Замысловатые перипетии предлагает зрителю и акварель Хеккеля «Обнаженная в комнате» (1912), где художник словно играет двумя мотивными возможностями. В центре листа графитным карандашом набросан контур женской фигуры, заключенный в раму дверного проема. Взгляд не сразу замечает в пространстве открывающейся комнаты деталь, дешифрующую название – еле заметную репродукцию «Голубой обнаженной» Матисса на стене. В то же время формирующая центральный мотив аллюзия контрастирует с изобразительными средствами Хеккеля: стилистика картины изначально не располагает к сопоставлению художников, несмотря на заявленный в назывании ключ к ребусу.
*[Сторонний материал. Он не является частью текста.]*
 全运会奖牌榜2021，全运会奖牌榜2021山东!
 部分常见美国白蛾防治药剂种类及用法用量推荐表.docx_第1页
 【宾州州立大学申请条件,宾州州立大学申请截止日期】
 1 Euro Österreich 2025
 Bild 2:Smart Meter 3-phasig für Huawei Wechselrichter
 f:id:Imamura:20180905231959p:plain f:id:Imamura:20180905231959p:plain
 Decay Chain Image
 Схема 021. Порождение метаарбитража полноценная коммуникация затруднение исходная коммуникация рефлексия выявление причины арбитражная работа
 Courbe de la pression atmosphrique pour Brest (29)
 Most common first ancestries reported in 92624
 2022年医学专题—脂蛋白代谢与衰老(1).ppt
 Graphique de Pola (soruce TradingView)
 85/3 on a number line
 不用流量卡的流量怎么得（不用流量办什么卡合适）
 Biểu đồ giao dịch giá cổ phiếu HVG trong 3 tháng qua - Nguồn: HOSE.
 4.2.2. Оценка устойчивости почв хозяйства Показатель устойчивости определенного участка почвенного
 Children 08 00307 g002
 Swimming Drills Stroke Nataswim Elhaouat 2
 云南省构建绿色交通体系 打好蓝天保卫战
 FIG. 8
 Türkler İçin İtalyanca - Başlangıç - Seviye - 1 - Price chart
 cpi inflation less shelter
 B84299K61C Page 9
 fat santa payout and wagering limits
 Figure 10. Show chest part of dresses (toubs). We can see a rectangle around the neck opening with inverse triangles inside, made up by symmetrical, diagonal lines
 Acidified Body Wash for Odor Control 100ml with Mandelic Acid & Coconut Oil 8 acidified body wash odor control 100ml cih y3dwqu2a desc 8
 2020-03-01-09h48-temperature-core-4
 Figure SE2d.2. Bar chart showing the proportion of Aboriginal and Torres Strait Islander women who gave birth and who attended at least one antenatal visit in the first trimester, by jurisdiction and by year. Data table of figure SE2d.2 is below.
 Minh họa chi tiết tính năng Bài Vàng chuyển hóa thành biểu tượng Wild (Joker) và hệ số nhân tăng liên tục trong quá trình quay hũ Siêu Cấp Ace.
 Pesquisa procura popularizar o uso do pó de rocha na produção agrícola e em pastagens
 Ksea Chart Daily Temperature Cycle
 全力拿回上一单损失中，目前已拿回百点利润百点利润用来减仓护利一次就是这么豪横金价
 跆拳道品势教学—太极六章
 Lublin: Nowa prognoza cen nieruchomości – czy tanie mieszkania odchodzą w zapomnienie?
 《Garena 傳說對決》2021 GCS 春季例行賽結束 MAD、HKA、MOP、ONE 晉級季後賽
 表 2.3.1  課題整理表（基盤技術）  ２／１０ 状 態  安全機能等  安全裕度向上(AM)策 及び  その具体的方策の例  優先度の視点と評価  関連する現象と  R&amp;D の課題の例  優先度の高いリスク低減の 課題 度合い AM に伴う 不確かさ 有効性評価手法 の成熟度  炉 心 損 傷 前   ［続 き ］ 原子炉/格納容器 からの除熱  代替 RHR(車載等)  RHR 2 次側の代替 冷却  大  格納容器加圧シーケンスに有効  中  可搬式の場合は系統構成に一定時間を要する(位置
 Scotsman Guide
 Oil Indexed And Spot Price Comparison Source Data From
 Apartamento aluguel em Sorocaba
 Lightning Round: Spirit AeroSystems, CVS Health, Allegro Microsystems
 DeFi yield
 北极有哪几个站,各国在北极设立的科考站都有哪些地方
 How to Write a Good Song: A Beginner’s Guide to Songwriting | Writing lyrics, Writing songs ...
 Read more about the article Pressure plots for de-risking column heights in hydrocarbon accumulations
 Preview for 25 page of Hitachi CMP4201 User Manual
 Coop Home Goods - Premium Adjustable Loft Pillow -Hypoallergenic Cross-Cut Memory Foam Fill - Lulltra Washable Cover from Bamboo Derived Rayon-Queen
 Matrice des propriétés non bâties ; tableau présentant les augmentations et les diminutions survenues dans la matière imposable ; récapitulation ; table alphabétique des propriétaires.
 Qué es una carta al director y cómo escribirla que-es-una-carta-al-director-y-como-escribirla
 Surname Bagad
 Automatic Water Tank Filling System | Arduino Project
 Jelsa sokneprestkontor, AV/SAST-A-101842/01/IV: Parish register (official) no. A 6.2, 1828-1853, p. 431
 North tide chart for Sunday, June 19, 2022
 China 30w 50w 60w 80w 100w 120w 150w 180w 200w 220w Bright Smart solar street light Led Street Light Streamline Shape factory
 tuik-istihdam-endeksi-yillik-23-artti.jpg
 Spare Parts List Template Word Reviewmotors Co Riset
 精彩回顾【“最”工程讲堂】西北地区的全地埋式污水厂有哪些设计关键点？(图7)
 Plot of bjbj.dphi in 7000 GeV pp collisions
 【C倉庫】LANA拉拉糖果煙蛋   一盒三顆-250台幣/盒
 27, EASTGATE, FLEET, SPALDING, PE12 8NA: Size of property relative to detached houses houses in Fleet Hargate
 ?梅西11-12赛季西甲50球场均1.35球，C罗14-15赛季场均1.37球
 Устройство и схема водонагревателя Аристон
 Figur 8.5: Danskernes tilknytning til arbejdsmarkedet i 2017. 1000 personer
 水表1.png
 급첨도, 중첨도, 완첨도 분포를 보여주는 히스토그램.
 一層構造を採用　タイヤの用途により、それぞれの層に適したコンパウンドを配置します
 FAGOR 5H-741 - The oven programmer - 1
Кажется, зрителю подсознательно хочется опереться на более значимые основания для сравнения: ощупать сеть раскинутых между произведениями мотивно-изобразительных связей, остановиться на эмоционально- и семантически значимых «пятнах», их формирующих. В научной интерпретации данного процесса определяющим должно стать понимание исключительной важности контекста – той магической среды, погружаясь в которую даже элементарная лексическая единица (в нейтральных условиях употребления равная себе самой [200]) способна неожиданно обрести определенную ауратичностъ – непривычную эмоциональную окраску, оригинальные коннотации, актуальные лишь в ситуации этого конкретного «здесь и сейчас». Так, наречие «вдруг» обретает у Достоевского характер знака, специфического экспрессивного центра мизансцены, выступая более чем явным указанием для читателя, уже привыкшего к атмосфере скандала, повышенной нервозности, «взрывоопасности», отличающей романы классика.
Невольное ожидание зрителем живописного мотива обусловлено и совершающимся на каждом шагу в искусстве чудом мотивного репродуцирования, самовоспроизводства [201], запускающего в сознании реципиента психологические механизмы узнавания, описанные еще Аристотелем. Индивидуальное творчество здесь не менее репрезентативно. У больших мастеров складывается собственная уникальная «система опознавательных знаков», когда излюбленные мотивы вступают во взаимодействие, повторяются, исчезают и вновь воскресают в ином качестве [202]. Обращаясь, например, к кинематографическим работам А. Тарковского, нетрудно заметить кочующие из фильма в фильм зрительные упоминания воды, песка, дерева, порхающей шторы. Образуя мотивные связи, эти образы формируют определенную систему значений, воздействующую на реципиента ауру. При этом в каждом конкретном случае мотивные пункты не тождественны друг другу. В «Сталкере» вода становится знаком мистериального успокоения: именно она дает Рэдрику Шухарду минуты духовного отрешения, а в кульминационной сцене на пороге комнаты исполнения желаний дождевой завесой отгораживает героев от зрителей, примиряя спутников, даруя им момент понимания. Олицетворяющая в «Ностальгии» стихию индивидуальной памяти, вода в «Жертвоприношении» покрывает собой многочисленные знаки человеческой культуры, являясь метафорой всемирного потопа и апокалипсиса. Мотив дерева также важен для Тарковского. По сути, он окольцовывает все творчество режиссера – от первой серьезной работы, полнометражного «Иванова детства», где в последнем кадре аллегорией войны вырастает перед зрителем обгоревший уродливый ствол, о который разбивается детская жизнь, до финального «Жертвоприношения», где зазеленевшее посреди песка сухое дерево олицетворяет надежду на вечную жизнь, озвученную режиссером и в посвящении фильма своему сыну.
Мотивные связи между произведениями, как видим, и здесь образуются перекличкой ярких структурно-семантических «пятен» – образов, знаков, намеков, которые становятся узнаваемыми элементами художественного языка, оригинальными средствами выразительности автора.
Апология живописного мотива лишь на первый взгляд кажется тенденциозной. Любопытно, что, отодвинутая ныне на второй план [203], она органически близка классической интерпретации мотива, которую находим в словаре Ф. А. Брокгауза и И. А. Ефрона. Мотив понимается здесь как «то существенное в содержании или в художественной идее произведений живописи, скульптуры или архитектуры, что определяет характер впечатления ими производимого. Мотив может не быть определимым с точностью, как основание эстетического ощущения (например, в архитектурном произведении), или же может быть доступным в известной степени анализу (меланхолический мотив осеннего пейзажа), но во всяком случае выражает собою отношение художника к изображаемому им сюжету и служит основной причиной настроения зрителя при созерцании художественного произведения» [204](курсив мой. – С. С. ) Эта исключительно эстетическая трактовка близка мнению современного исследователя мотива В. И. Тюпы: «Мотив – один из наиболее существенных факторов художественного впечатления, единица художественной семантики, органическая „клеточка“ художественного смысла в его эстетической специфике» [205].